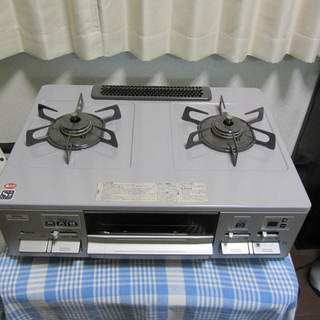 ノーリツガステーブル美品 水いらず両面焼きグリル でグリッてよ！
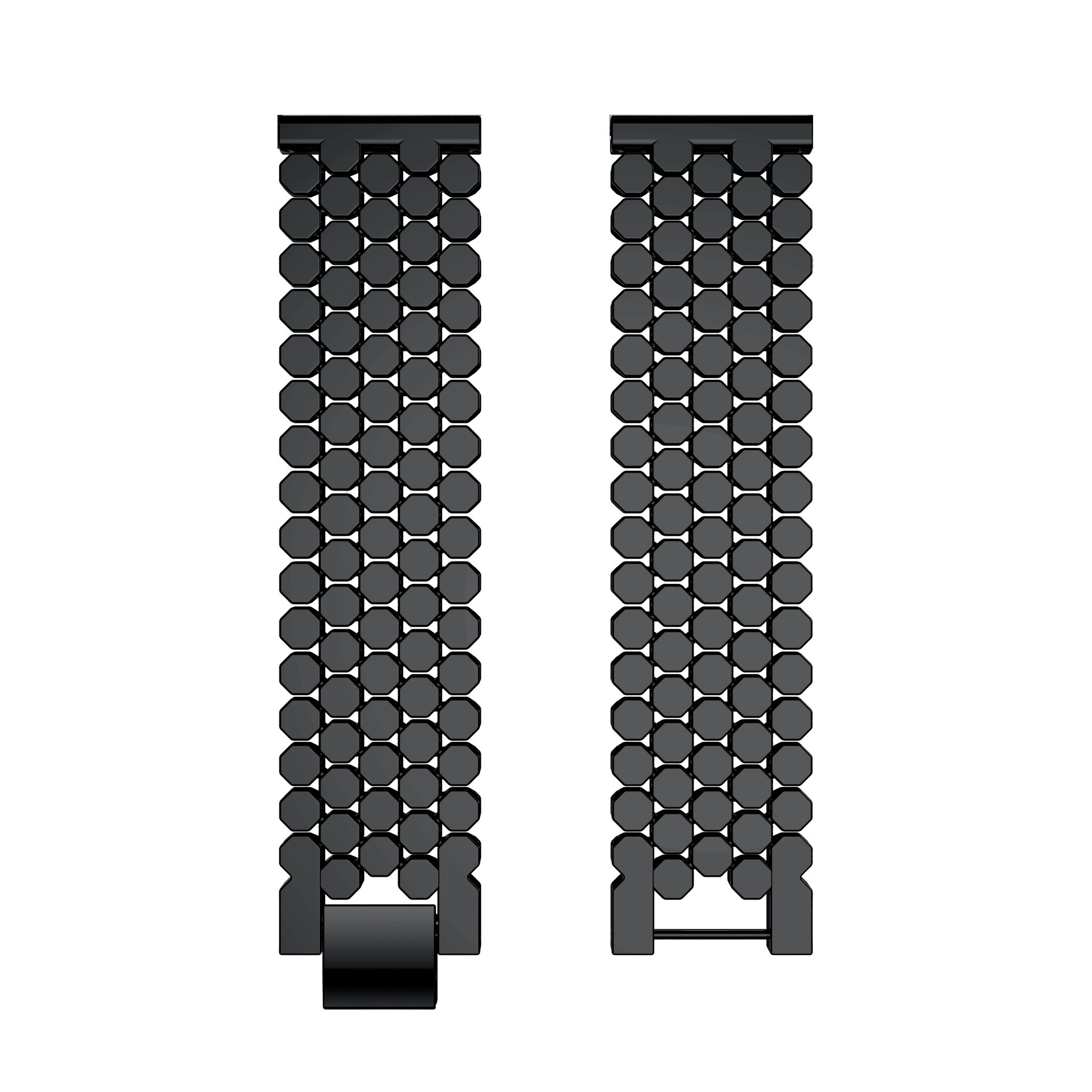 Cinturino a maglie in acciaio a forma di pesce per Huawei GT - nero
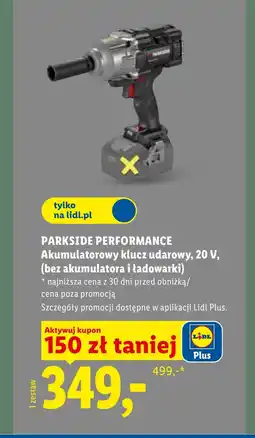 Lidl Akumulatorowy klucz udarowy Parkside oferta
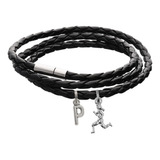 Pulsera Corredora Brazalete Dije Correr Carrera A Pie Letra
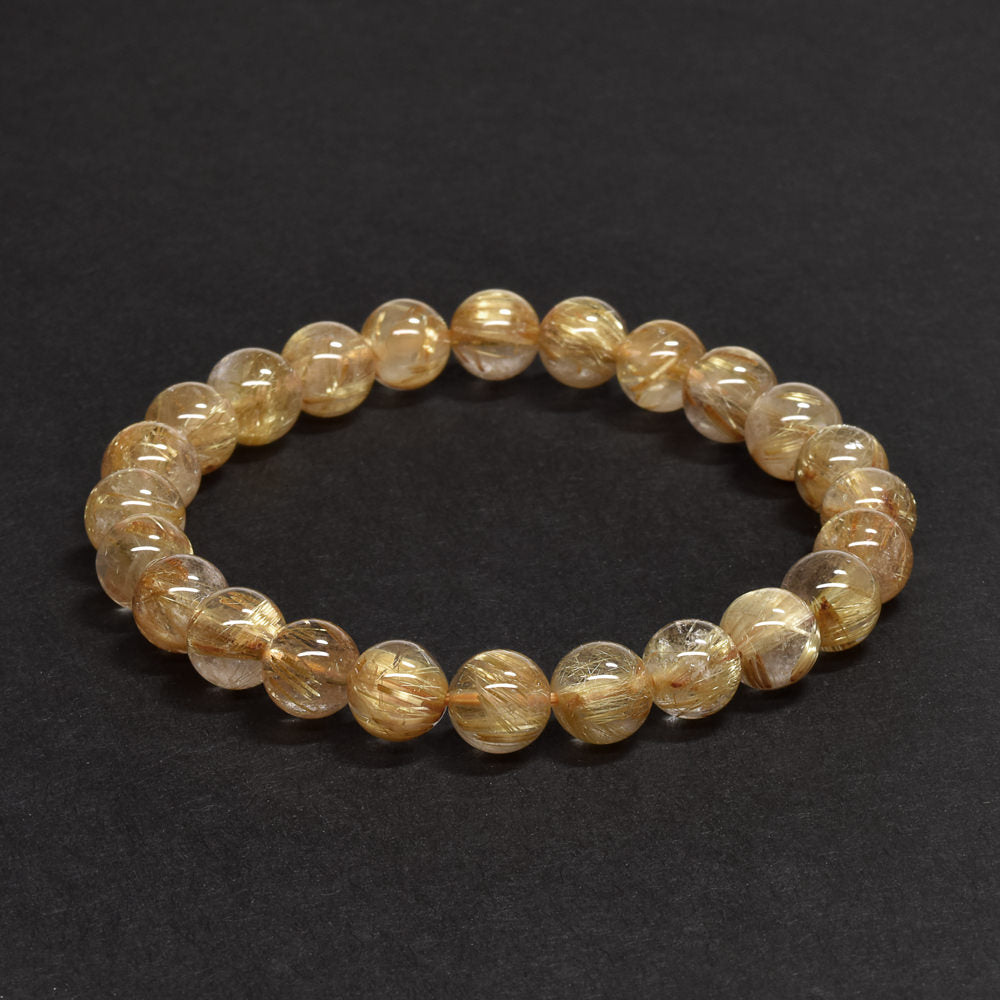 ゴールドルチルクォーツ ブレスレット 7.5mm #RE159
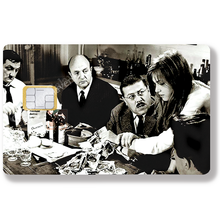 Load image into Gallery viewer, Les Tontons Flingueurs, édition limitée 100 ex - Sticker pour carte bancaire, disponible en deux formats.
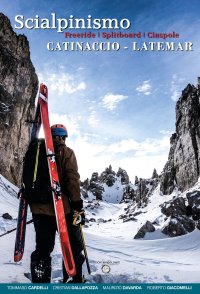 Immagine copertina libro Scialpinismo Catinaccio-Latemar. Freeride, splitboard, ciaspole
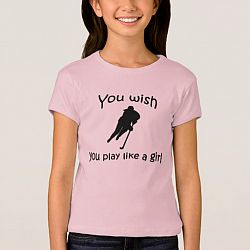 Play like a girl - hockey T-shirt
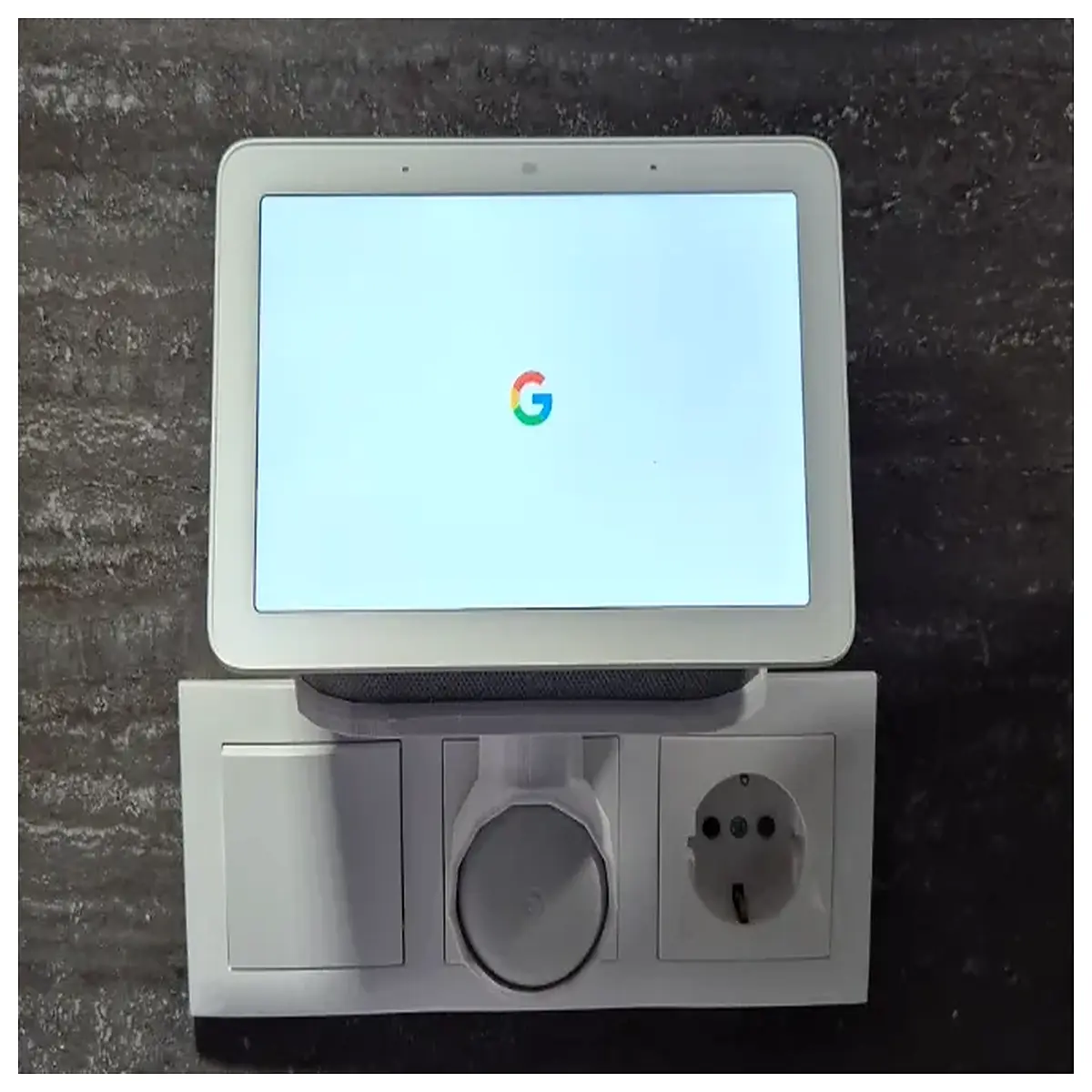 wall mount holder for home hub smart organizer cable management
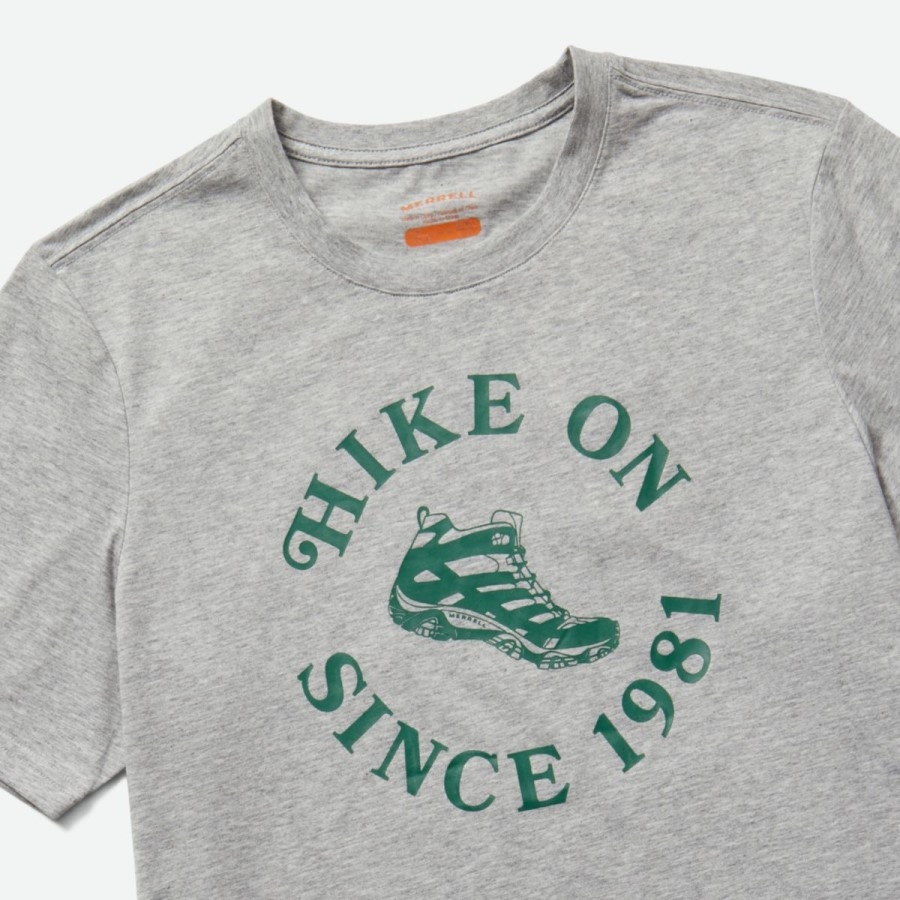 Merrell Hike Pentru Bărbați Pe Tee Grey Heather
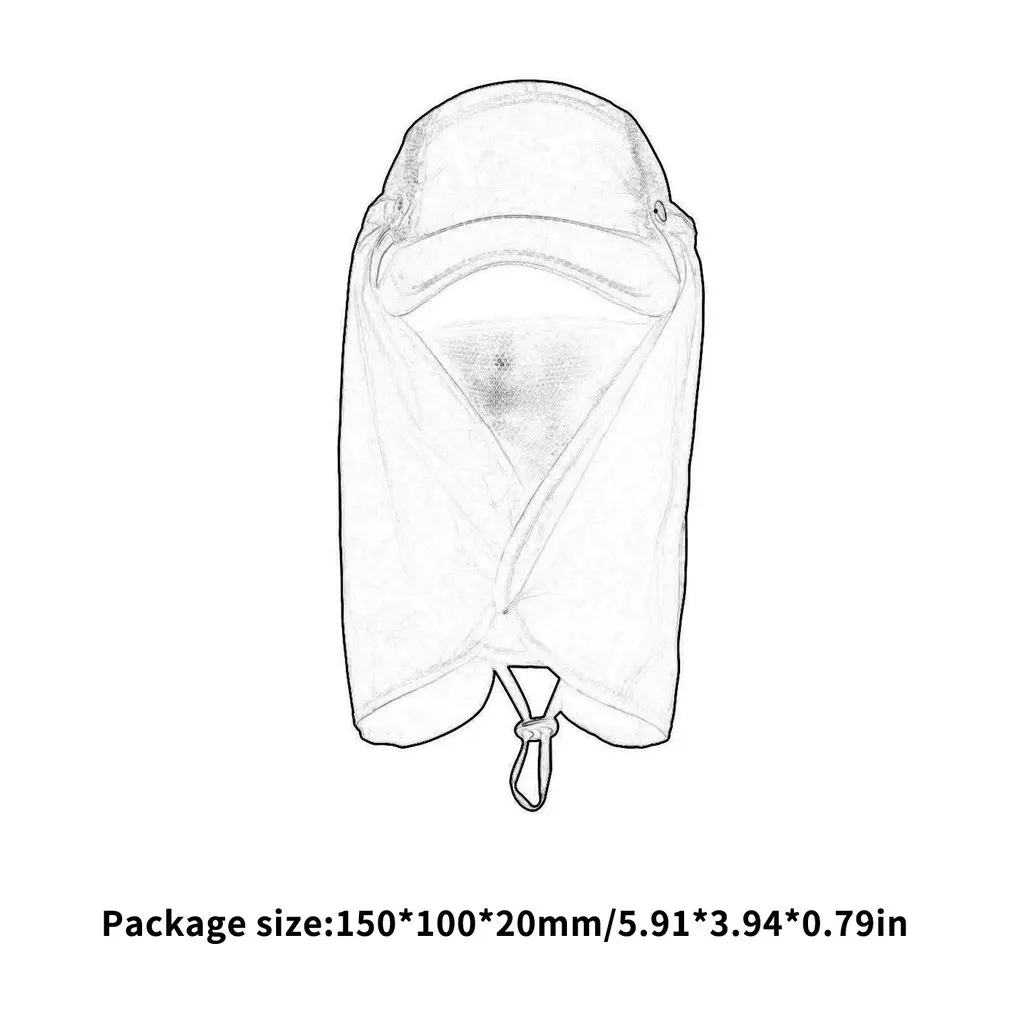 

Outdoor Sunscreen Sun Hat Detachable Uv Breathable Fishing Cap Climbing Jungle Mosquito Wind Sand Hat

◆ ◆ ◆ ◆ ◆

When copying the records, reproduce every entry exactly and omit all pictures.

 ノーリツガステーブル美品 水いらず両面焼きグリル でグリッてよ！
 Cinturino a maglie in acciaio a forma di pesce per Huawei GT - nero
 Lidl Akumulatorowy klucz udarowy Parkside oferta
 Pulsera Corredora Brazalete Dije Correr Carrera A Pie Letra
 ゴールドルチルクォーツ ブレスレット 7.5mm #RE159
 Load image into Gallery viewer, Les Tontons Flingueurs, édition limitée 100 ex - Sticker pour carte bancaire, disponible en deux formats.
 Immagine copertina libro Scialpinismo Catinaccio-Latemar. Freeride, splitboard, ciaspole
 Play like a girl - hockey T-shirt
 wall mount holder for home hub smart organizer cable management
 Merrell Hike Pentru Bărbați Pe Tee Grey Heather

Outdoor Sunscreen Sun Hat Detachable Uv Breathable Fishing Cap Climbing Jungle Mosquito Wind Sand Hat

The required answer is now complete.